# Mut zum Schwimmteich



## Woodruff (6. Apr. 2009)

Hallo Hobby Gartenteich Forum


ich werde zwar erst in 3-4 Wochen mit meiner Baustelle  beginnen , einen Schwimmteich zu Bauen (10 m * 6m * 1,4m Tief ) . Wollte aber schon einmal vorab mein Projekt vorstellen, um auch andere Mut zumachen die noch überlegen ob Sie das schaffen ( ich weiß es nicht ich versuch es mal )
Meine Handwerklichen Kenntnisse sind für den Hausgebrauch ausreichend  das sollte vorerst reichen den Rest muss ich dazulernen .
1.   Planungsfase war vor 3 Monaten
2.   vor 2 Monaten Kontakt mit Naturagart 
3.   nach Ostern werden wir bestellen und mit dem aushub beginnen (bevor mich der Mut wieder verläst  )

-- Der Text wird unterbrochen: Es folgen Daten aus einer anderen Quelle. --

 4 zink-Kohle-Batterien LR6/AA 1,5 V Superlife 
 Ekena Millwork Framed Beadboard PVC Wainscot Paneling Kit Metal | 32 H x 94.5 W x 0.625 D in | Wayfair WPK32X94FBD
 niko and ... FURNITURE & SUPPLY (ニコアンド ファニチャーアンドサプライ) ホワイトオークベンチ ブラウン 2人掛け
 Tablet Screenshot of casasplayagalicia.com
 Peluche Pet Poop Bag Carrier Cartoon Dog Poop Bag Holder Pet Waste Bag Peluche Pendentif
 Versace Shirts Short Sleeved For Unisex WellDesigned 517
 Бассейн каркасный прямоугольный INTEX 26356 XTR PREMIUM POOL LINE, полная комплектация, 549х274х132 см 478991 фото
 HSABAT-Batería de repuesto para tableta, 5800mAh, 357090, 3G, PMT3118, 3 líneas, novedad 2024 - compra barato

Außerdem werde ich eine Live Webcam Installieren für alle die Interesse haben das Projekt zu beobachten .( Zugangsdaten auf anfrage) 

Grüße 

Woody


----------



## Digicat (6. Apr. 2009)

*AW: Mut zum Schwimmteich*

Servus Woody

Herzlich Willkommen bei uns Teichverrückten 

Ich denke alle hatten wir nur Handwerkstechnik für den Hausgebrauch. Der eine mehr, der andere weniger 

Mut ..... , ja, aber was soll schon schief gehen, es gibt ja uns 

Ich würde freuen wenn du uns dein Schwimmteichprojekt vorstellen würdest und vielleicht Fotos von der Stelle wo er hinkommen soll machst.

Auch über das werden des Schwimmteiches wären einige/alle sicher neugierig.
Also bitte, auch mit Fotos, alles dokumentieren, wenn es deine Zeit zuläßt. Ich kenn das nehmlich von meinem Teich, da vergißt man leider manchmal aufs fotografieren .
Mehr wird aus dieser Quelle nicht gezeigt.